• [Work order]:
Copy every entry below exactly as it appears, leaving out the images.

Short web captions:
◇ ◇ ◇ ◇

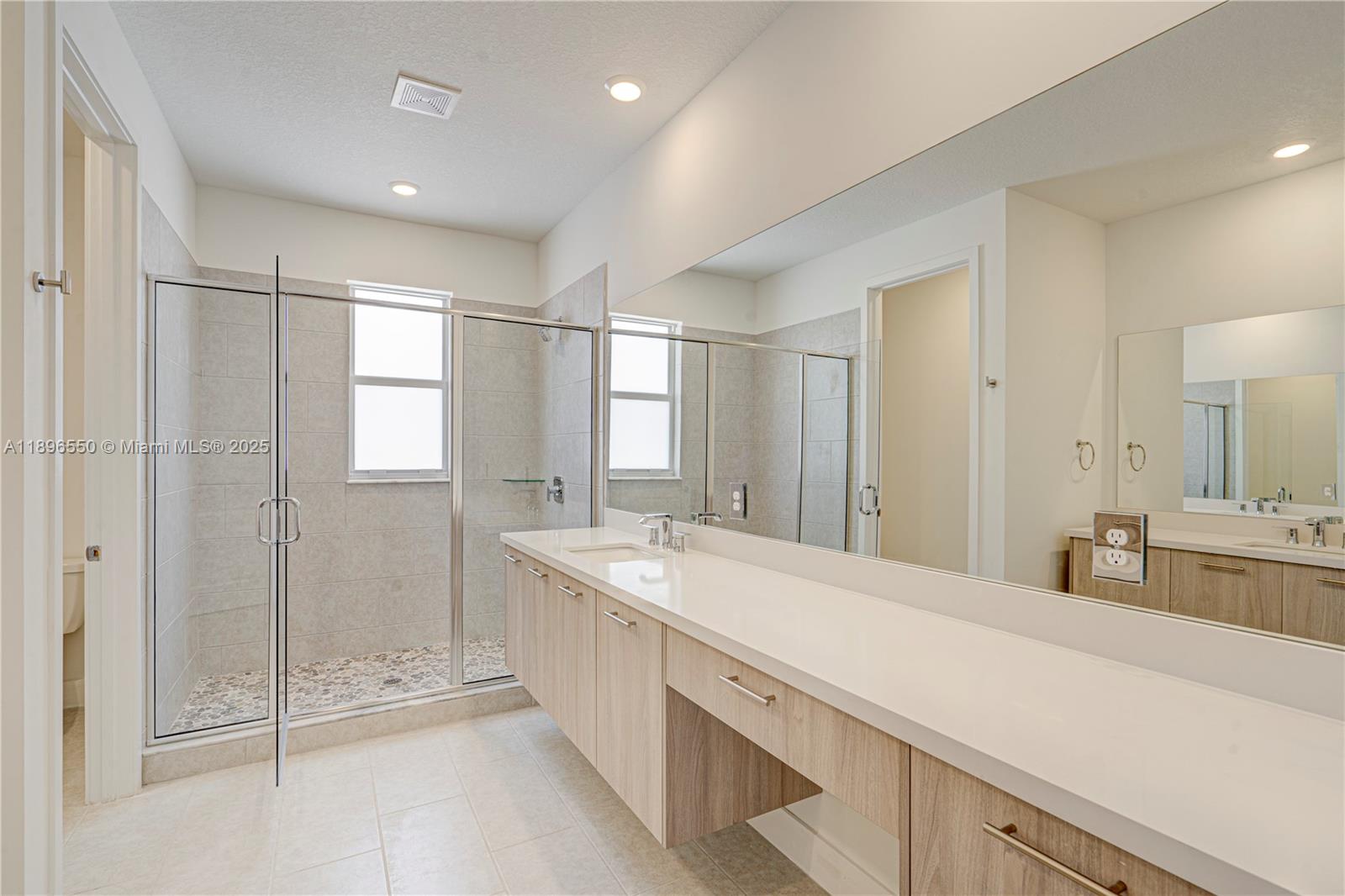 CRESCENT RIDGE - Residential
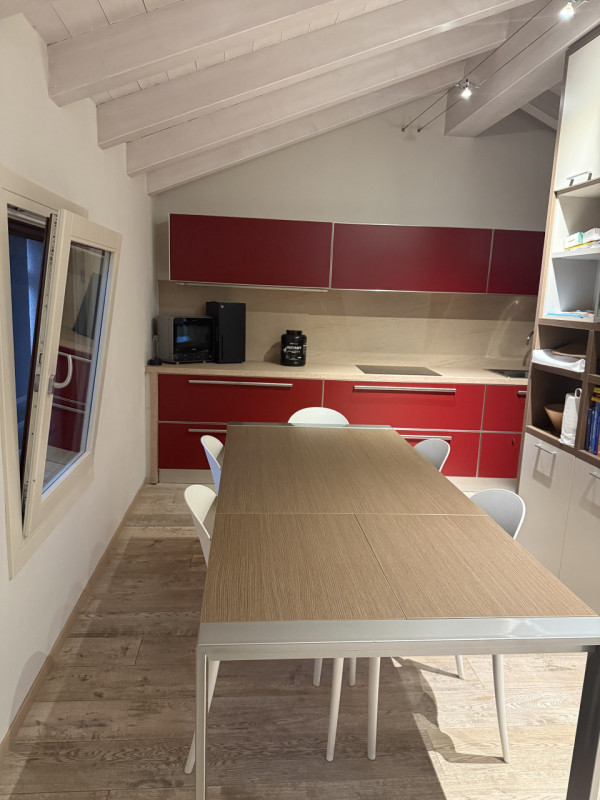 Rif. A907 (per info  392 6956333 Nada)

Nel cuore pulsante di Castelfranco Veneto, proponiamo in ...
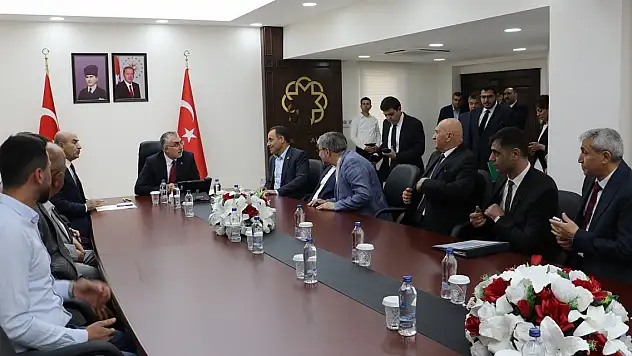 Bakan Işıkhan: Bugünkü Türkiye'nin harcında hükümetin 21 yıllık alın teri ve emeği var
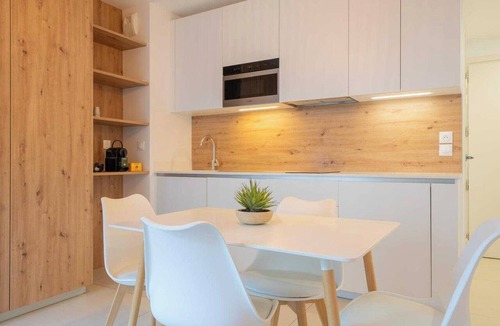 Saint-Tropez City Centre Apartment | Spacious studio a/c 2P - Place des Lices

◇ ◇ ◇ ◇

• [The completed task]:
 CRESCENT RIDGE - Residential
 Rif. A907 (per info  392 6956333 Nada)

Nel cuore pulsante di Castelfranco Veneto, proponiamo in ...
 Bakan Işıkhan: Bugünkü Türkiye'nin harcında hükümetin 21 yıllık alın teri ve emeği var
 Saint-Tropez City Centre Apartment | Spacious studio a/c 2P - Place des Lices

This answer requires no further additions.